A Multimodal fusion model for predicting nasopharyngeal necrosis after re-irradiation in recurrent nasopharyngeal carcinoma.
Authors
Affiliations (7)
Affiliations (7)
- Department of Radiation Oncology, State Key Laboratory of Oncology in South China, Guangdong Key Laboratory of Nasopharyngeal Carcinoma Diagnosis and Therapy, Guangdong Provincial Clinical Research Center for Cancer, Sun Yat-sen University Cancer Center, Guangzhou, 510060, China; School of Biomedical Engineering, Sun Yat-sen University, Shenzhen, 518107, China; Cancer Hospital Chinese Academy of Medical Sciences, ShenZhen Center, Shenzhen, 518109, China.
- Department of Radiation Oncology, State Key Laboratory of Oncology in South China, Guangdong Key Laboratory of Nasopharyngeal Carcinoma Diagnosis and Therapy, Guangdong Provincial Clinical Research Center for Cancer, Sun Yat-sen University Cancer Center, Guangzhou, 510060, China.
- Manteia Technologies Co., Ltd, Xiamen, 361008, China.

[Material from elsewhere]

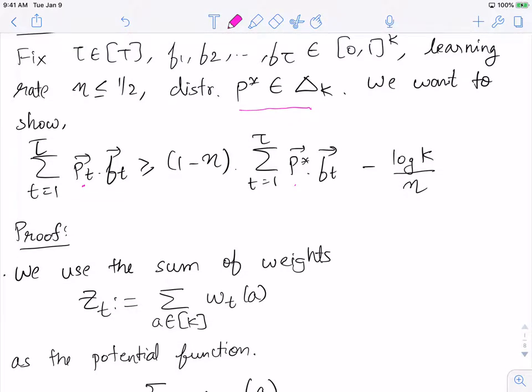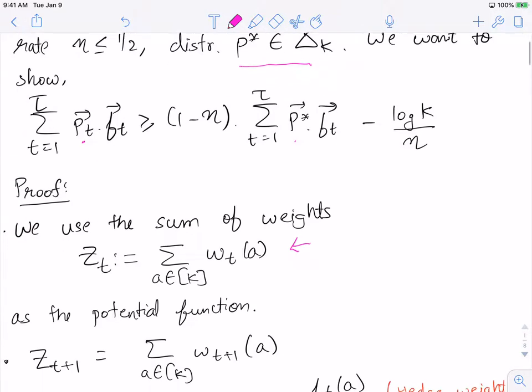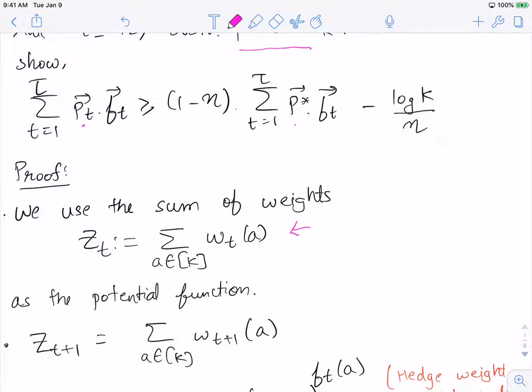Recall that the algorithm has a particular function z_t, which is just the sum of all weights over all actions at time step t. We'll use this as a potential function — we'll see how it grows, then both upper and lower bound it to get our regret bound. This is a standard potential function analysis you would see in many algorithms.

- Department of Radiation Oncology, Clinical Oncology School of Fujian Medical University, Fujian Cancer Hospital, NHC Key Laboratory of Cancer Metabolism, Fuzhou, 350000, China.

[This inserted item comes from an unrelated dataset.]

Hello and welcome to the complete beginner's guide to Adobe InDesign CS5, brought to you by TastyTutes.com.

- Department of Radiotherapy, First Medical Center of PLA General Hospital, BeiJing, 100853, China. Electronic address: [email protected].
- Department of Radiation Oncology, State Key Laboratory of Oncology in South China, Guangdong Key Laboratory of Nasopharyngeal Carcinoma Diagnosis and Therapy, Guangdong Provincial Clinical Research Center for Cancer, Sun Yat-sen University Cancer Center, Guangzhou, 510060, China. Electronic address: [email protected].
- Department of Radiation Oncology, State Key Laboratory of Oncology in South China, Guangdong Key Laboratory of Nasopharyngeal Carcinoma Diagnosis and Therapy, Guangdong Provincial Clinical Research Center for Cancer, Sun Yat-sen University Cancer Center, Guangzhou, 510060, China. Electronic address: [email protected].
Abstract
To construct a multimodal model integrating computed tomography (CT) imaging, radiotherapy dose, and clinical features to address the clinical challenge of accurately predicting the risk of nasopharyngeal necrosis following re-irradiation for recurrent nasopharyngeal carcinoma (NPC). This retrospective study included 126 patients with recurrent NPC (44 with necrosis and 82 without necrosis). Clinical baseline characteristics, radiomic features from planning CT images, and three-dimensional radiotherapy dose-derived radiomic features were collected and extracted. A two-stage feature selection strategy was employed to identify relevant features. Three single-modality and four multimodal fusion machine learning models were developed based on the selected features. Model performance was evaluated using internal (n = 26) and external (n = 9) test sets, with assessment metrics including the area under the curve (AUC), accuracy, sensitivity, specificity, positive predictive value, and negative predictive value. The multimodal fusion model demonstrated overall superior performance compared to all single-modality models. The CT-dose fusion model achieved AUCs of 0.869 and 0.972 in the internal and external test sets, respectively, outperforming the single CT, single-dose, and single clinical models. An artificial intelligence model integrating CT radiomic features and radiotherapy dose-derived characteristics demonstrated robust performance in predicting nasopharyngeal necrosis following re-irradiation for recurrent NPC, exhibiting stable predictive ability and strong generalizability. This model provides a powerful tool for the early identification of high-risk patients, with considerable promise for clinical application.